Francis Jammes (1868 – 1938) qui collabora à plusieurs revues parisiennes en même temps que Rollinat, dont L’Hémicycle (Régis Miannay, Maurice Rollinat, poète et musicien du fantastique, p. 503), se rapproche de lui par son amour de la nature et des bêtes comme dans son si célèbre poème :

J’AIME L’ÂNE…

J’aime l’âne si doux
marchant le long des houx.

Il prend garde aux abeilles
et bouge ses oreilles ;
(…)

Il va, près des fossés,
d’un petit pas cassé.

Mon amie le croit bête
parce qu’il est poète.
(…)

(Francis Jammes, Œuvre poétique complète, tome 1, page 63)

Peinture à la cire de Catherine Réault-Crosnier, illustrant le poème J'aime l'âne... de Francis Jammes.

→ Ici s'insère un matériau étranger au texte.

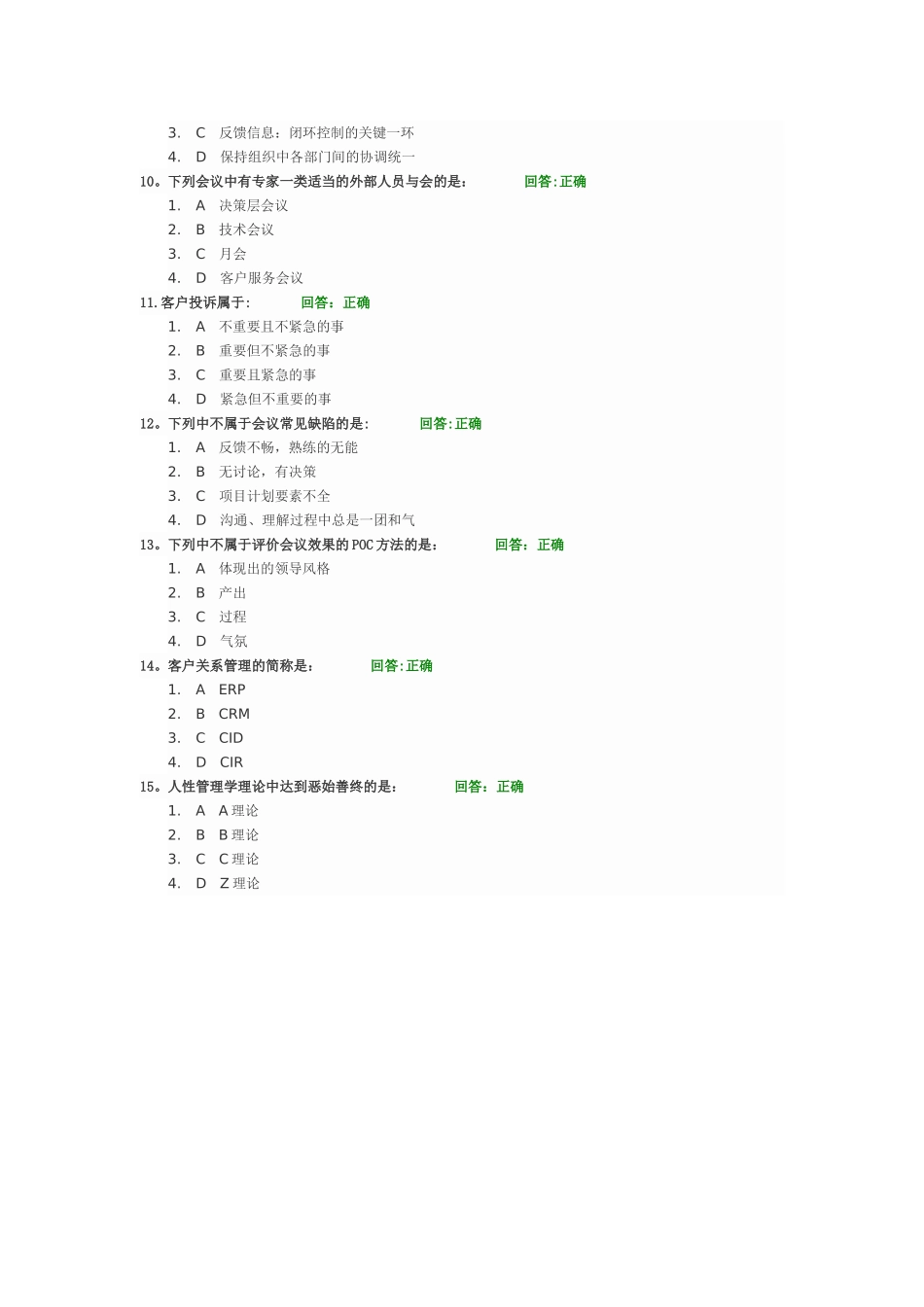 中层管理者完成目标的五步十九法--试题答案_第2页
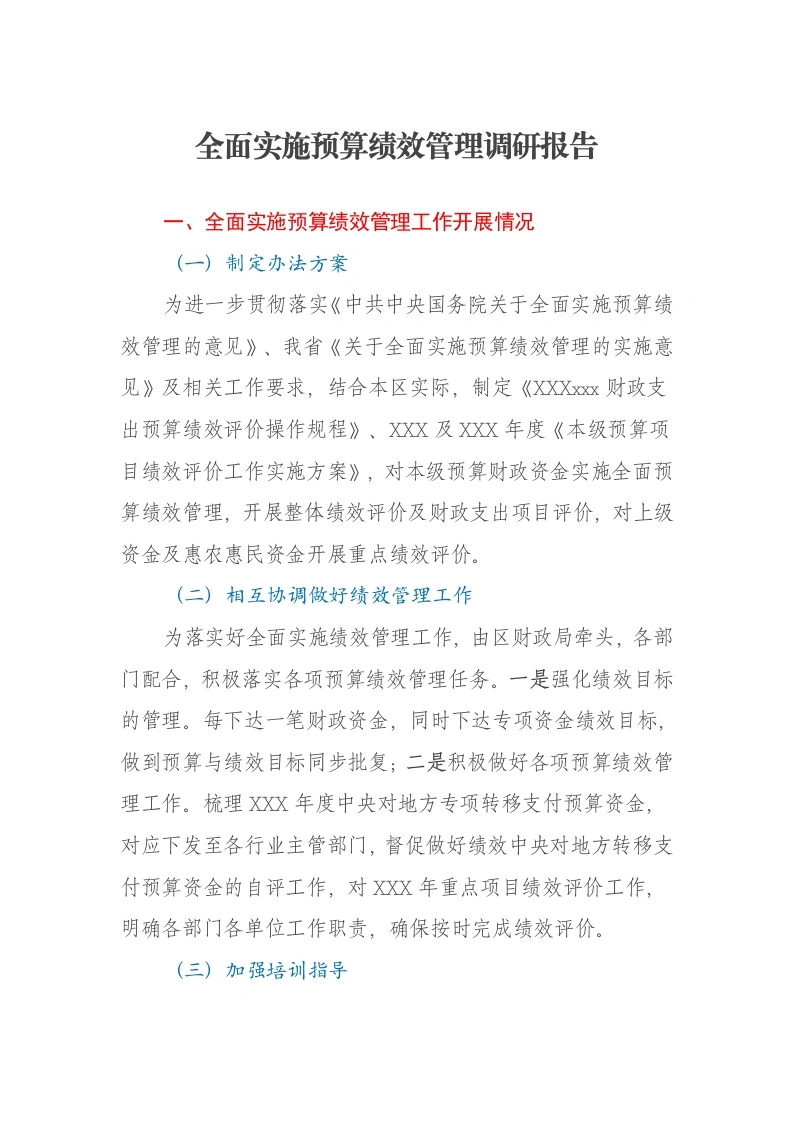 全面实施预算绩效管理调研报告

Dans « L’espace blanc », Rollinat se rapproche aussi d’une certaine manière, des peintres du XXème qui se détachent peu à peu du concret, dépouillent leur tableau, tendant vers l’art minimal et l’abstraction dans une recherche de l’expression de l’essentiel ou à l’opposé, du rien. Rollinat traduit par sa poésie, une atmosphère de néant. Il nous montre derrière la fumée, une présence, « l’âme et la vue » puis une vision délicate quand la neige devient « déluge d’hermine ». Enfin il nous surprend en associant à la lune, le mot « consacre » créant une atmosphère stable et mystique et par opposition, le mot « tremblant » avant d’achever son poème en opposant « fête » et « ténèbres ». Il n’a pas hésité à utiliser deux fois l’adjectif « blanc » pour souligner le recouvrement de tout :

L’ESPACE BLANC

Un soleil sans chaleur et presque sans clarté

Se lève dans de l’ombre – en sorte

Qu’il épand on ne sait quelle lumière morte

Continuant l’obscurité.

Muré par le fumeux du ciel, des horizons,

L’air vous brouille l’âme et la vue ;

La lande croupit plate et nue

Sans vestige de roc, d’arbres ou de buissons.

Mais la neige remplit tout ce vide en prison,

Sa tombée oblique et touffue

Couvre à flocons muets comme d’une toison

La hideuse plaine chenue.

Et monotonement, s’étale indéfinie,

Immaculée en sa fraicheur,

Duveteuse et compacte, éblouissante, unie,

L’énormité de la blancheur.

Et le ciel, juste après ce déluge d’hermine,

Blêmissant comme le lointain,

C’est tout l’espace blanc dans ce jour incertain

Qu’un soir morne et glacé termine.

Puis, la bise ouate son bruit…
Et, d’abord si noire, la nuit
Pâlit ses grands voiles funèbres :

La lune consacre en tremblant
Sur l’immense reposoir blanc
La fête blanche des ténèbres.

(Maurice Rollinat, Les Apparitions, pages 143 à 145)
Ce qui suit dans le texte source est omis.